■ **EXERCISE DIRECTIONS**: What is needed is an exact copy of the records below, with the pictures left out.
PROVIDED RECORDS section start
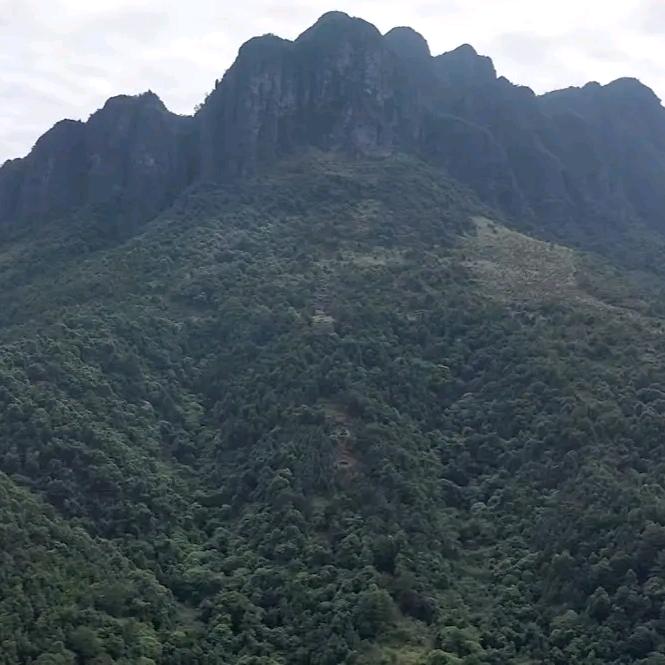 玄易堂妙丽容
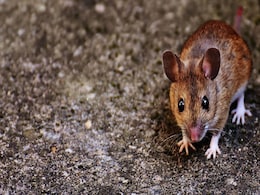 Mice VR Headsets Revolutionise Brain Activity Studies and Behavioural Research Mice VR Headsets Revolutionise Brain Activity Studies and Behavioural Research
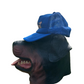 80/90's Pabst Blue Sportcap Trucker Hat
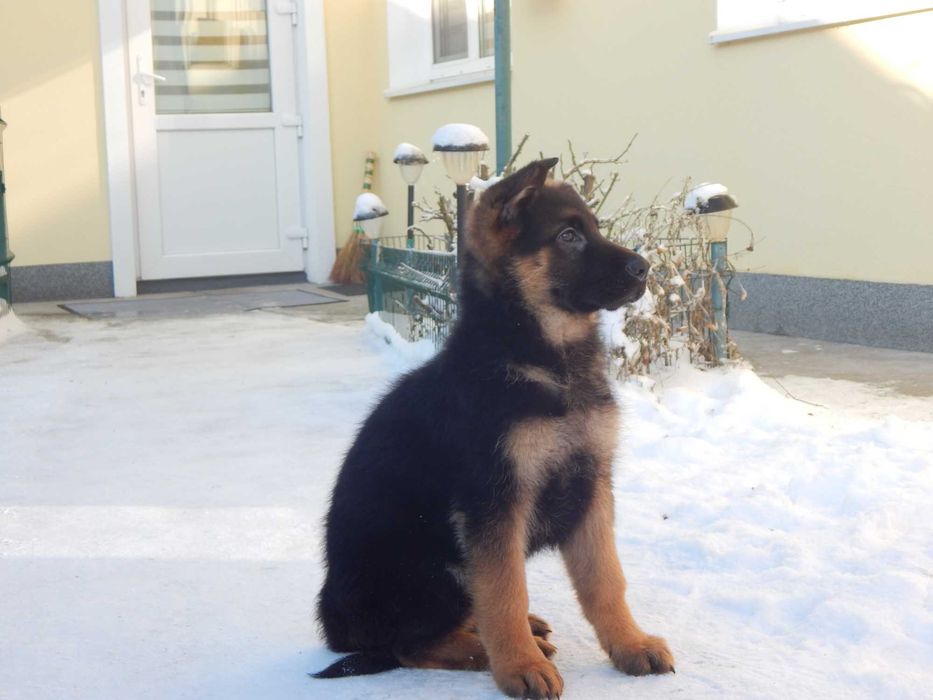 німецька вівчарка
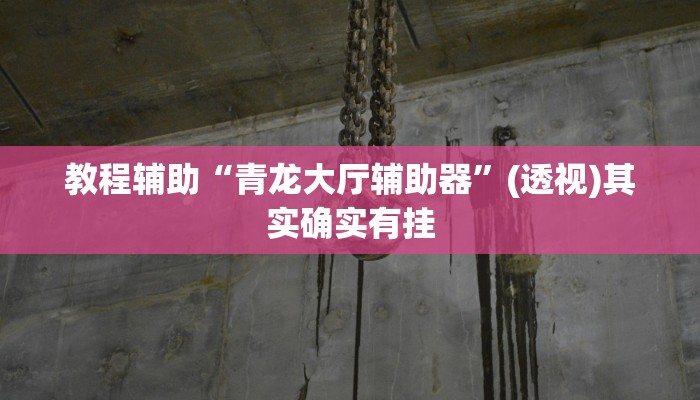 教程辅助“青龙大厅辅助器”(透视)其实确实有挂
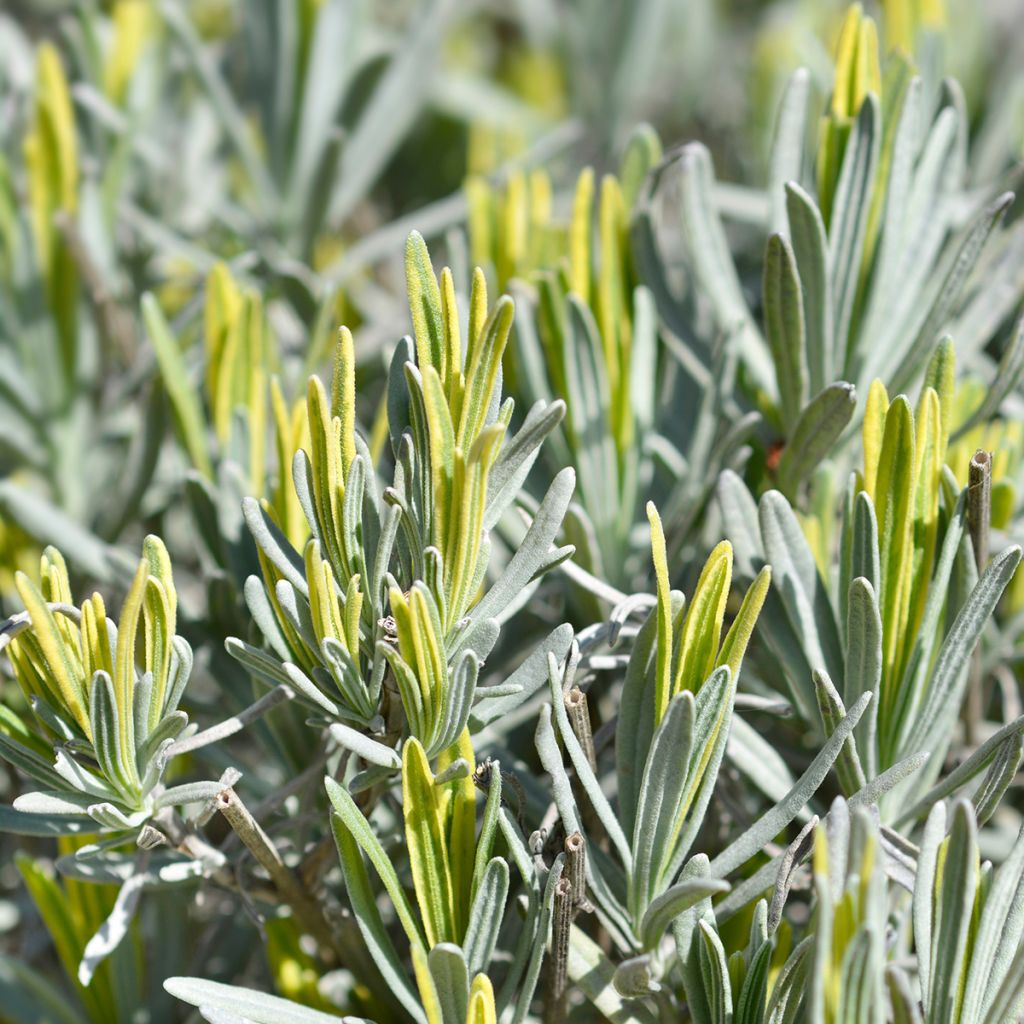 Lavanda intermedia Platinum Blonde - Lavandín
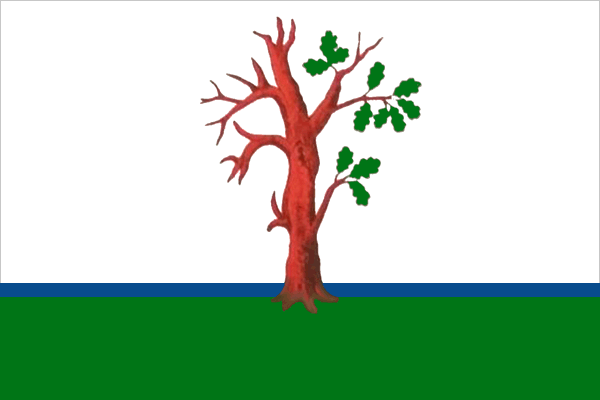 Файл:Flag of Starodub.png
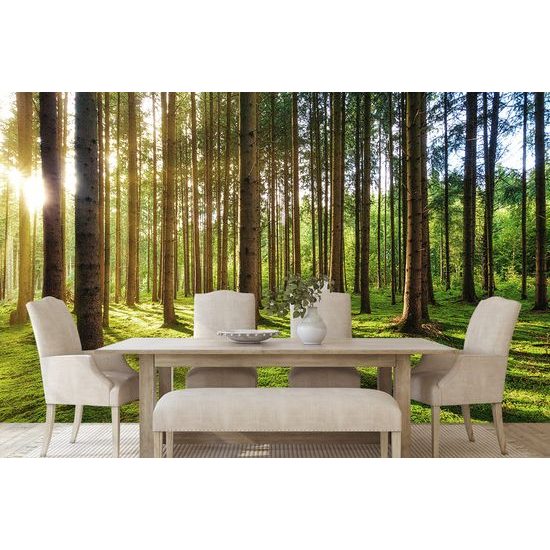 Samolepiaca fototapeta kúzlo ranného lesa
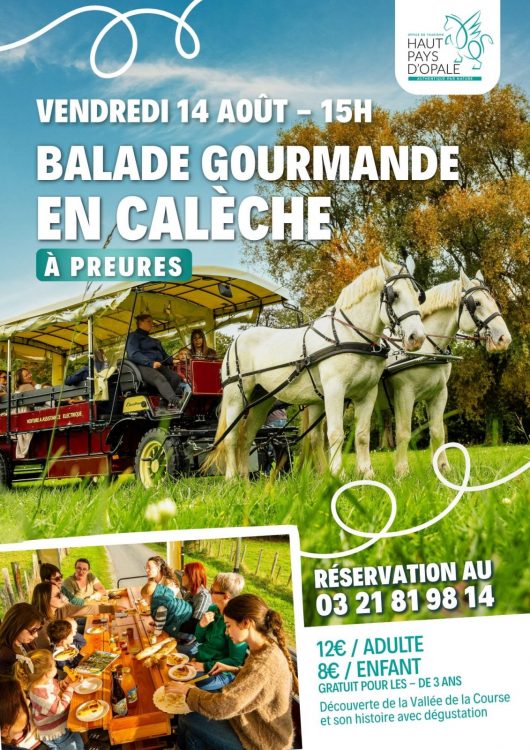 affiche-promotionnelle-sport-randonnee-moderne-photo-vert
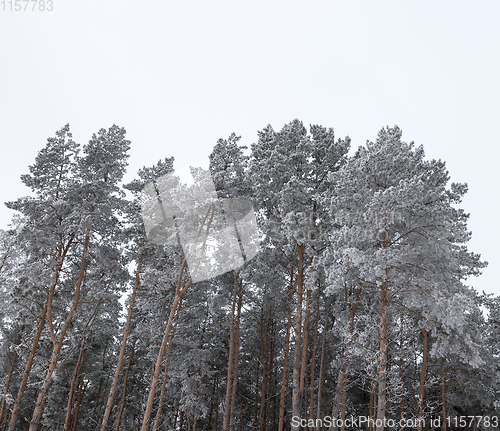 Image of Snow drifts in winter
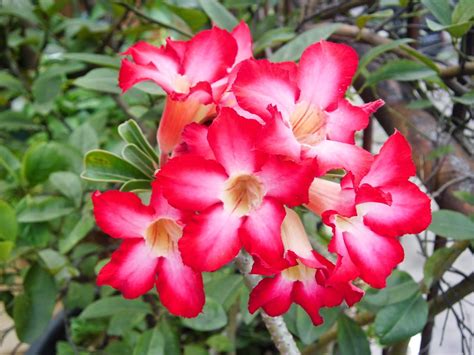 The exotic of Adenium flower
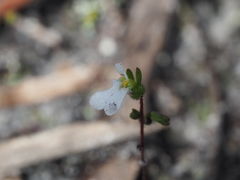 Stylidium perpusillum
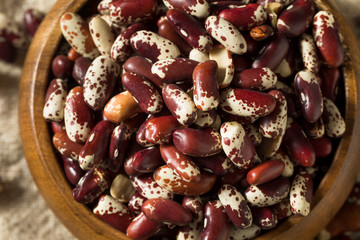 Raw Red Organic Cattle Beans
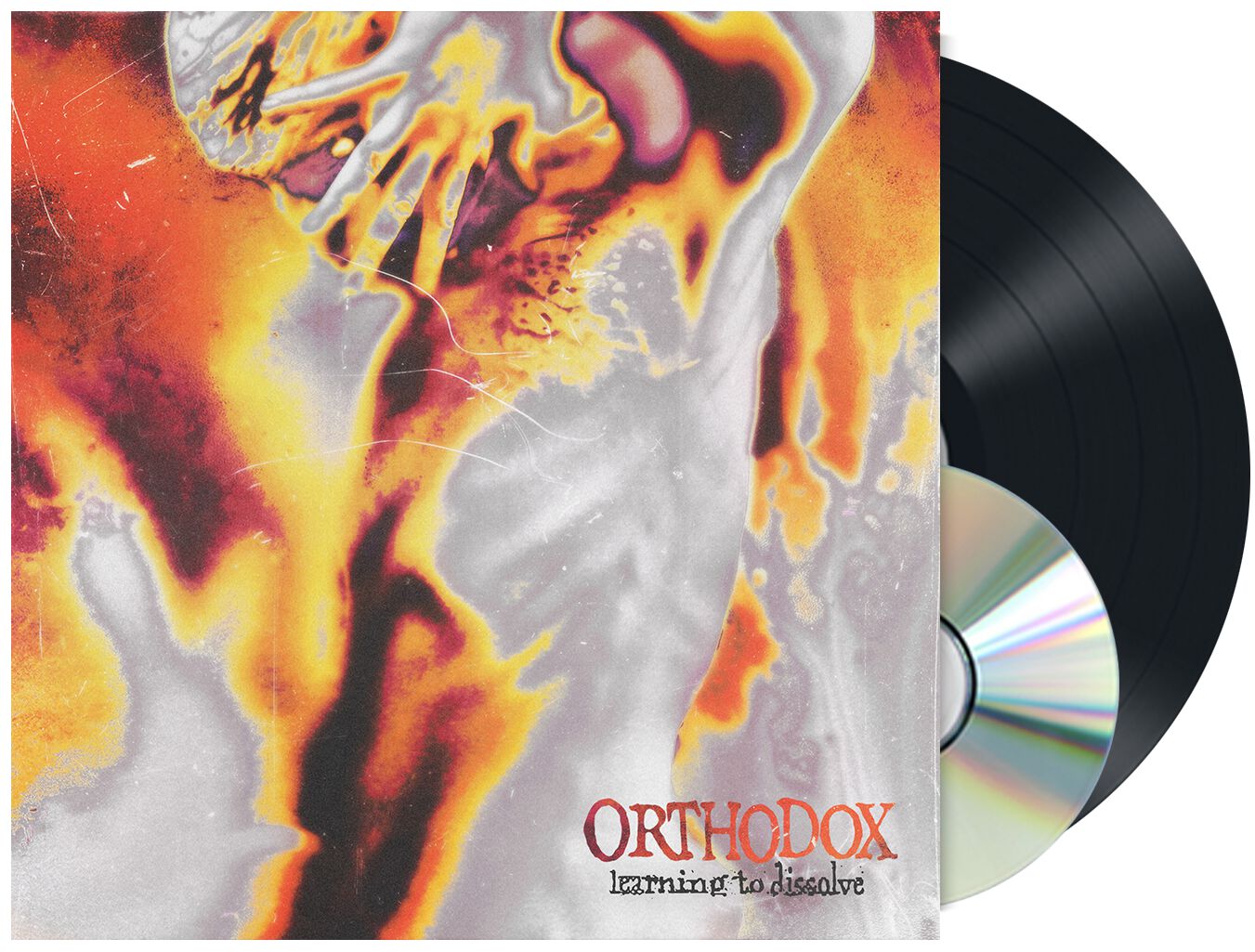 Orthodox Learning to dissolve LP schwarz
PROVIDED RECORDS section end
■ **WORKED SOLUTION**:
 玄易堂妙丽容
 Mice VR Headsets Revolutionise Brain Activity Studies and Behavioural Research Mice VR Headsets Revolutionise Brain Activity Studies and Behavioural Research
 80/90's Pabst Blue Sportcap Trucker Hat
 німецька вівчарка
 教程辅助“青龙大厅辅助器”(透视)其实确实有挂
 Lavanda intermedia Platinum Blonde - Lavandín
 Файл:Flag of Starodub.png
 Samolepiaca fototapeta kúzlo ranného lesa
 affiche-promotionnelle-sport-randonnee-moderne-photo-vert
 Image of Snow drifts in winter
 The exotic of Adenium flower
 Stylidium perpusillum
 Raw Red Organic Cattle Beans
 Orthodox Learning to dissolve LP schwarz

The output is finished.